== Information supplied ==
────────────────────────────────────────

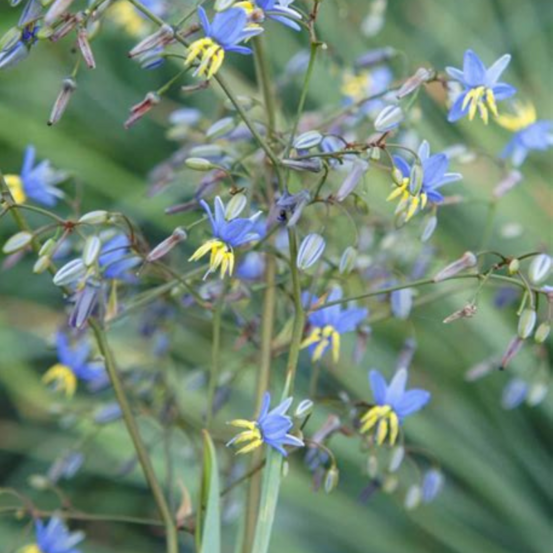 Dianella coolvista - dianella revoluta coolvista 30/40 cm pot 2l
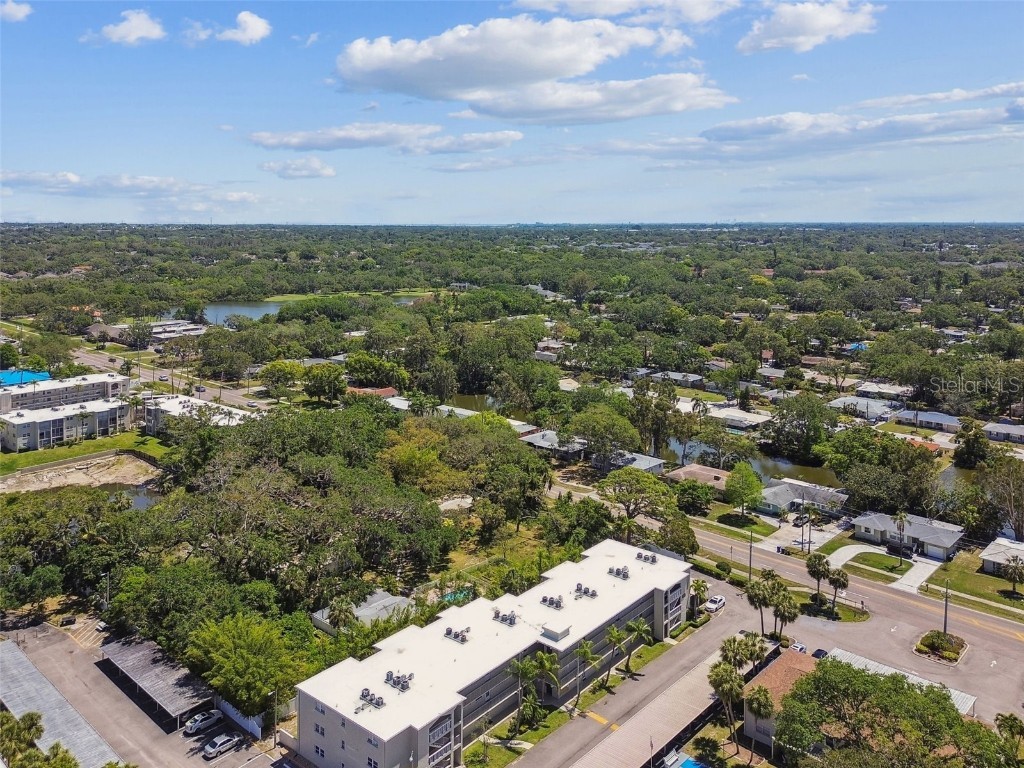 938 Virginia Street #208 Dunedin FL 34698 TB8374894 image69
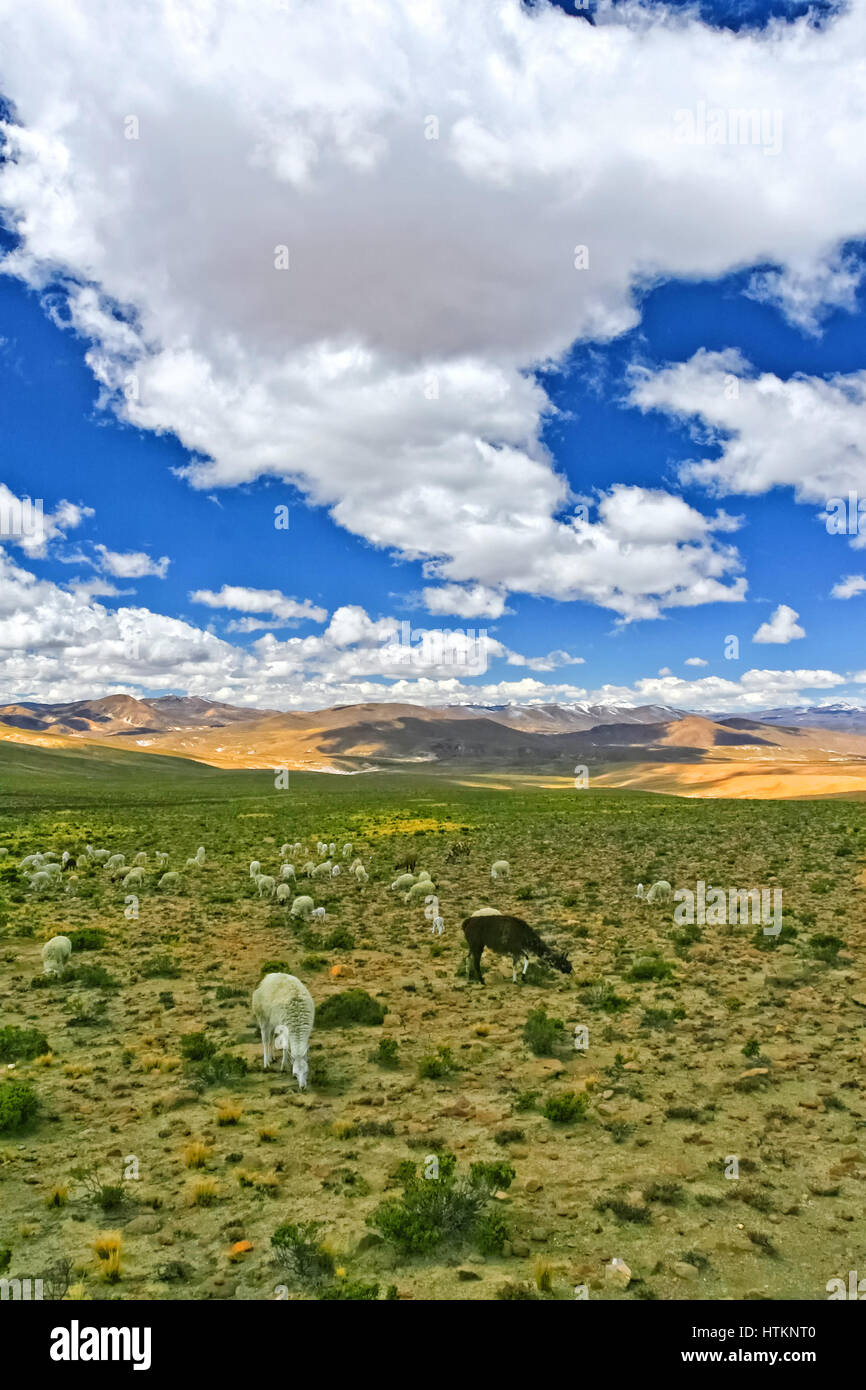 Peru-Plateau und Lama auf der Weide Stockfoto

────────────────────────────────────────

== What you should do ==
Print each line of the listing exactly and include no pictures.

== Response to this exercise ==
 Dianella coolvista - dianella revoluta coolvista 30/40 cm pot 2l
 938 Virginia Street #208 Dunedin FL 34698 TB8374894 image69
 Peru-Plateau und Lama auf der Weide Stockfoto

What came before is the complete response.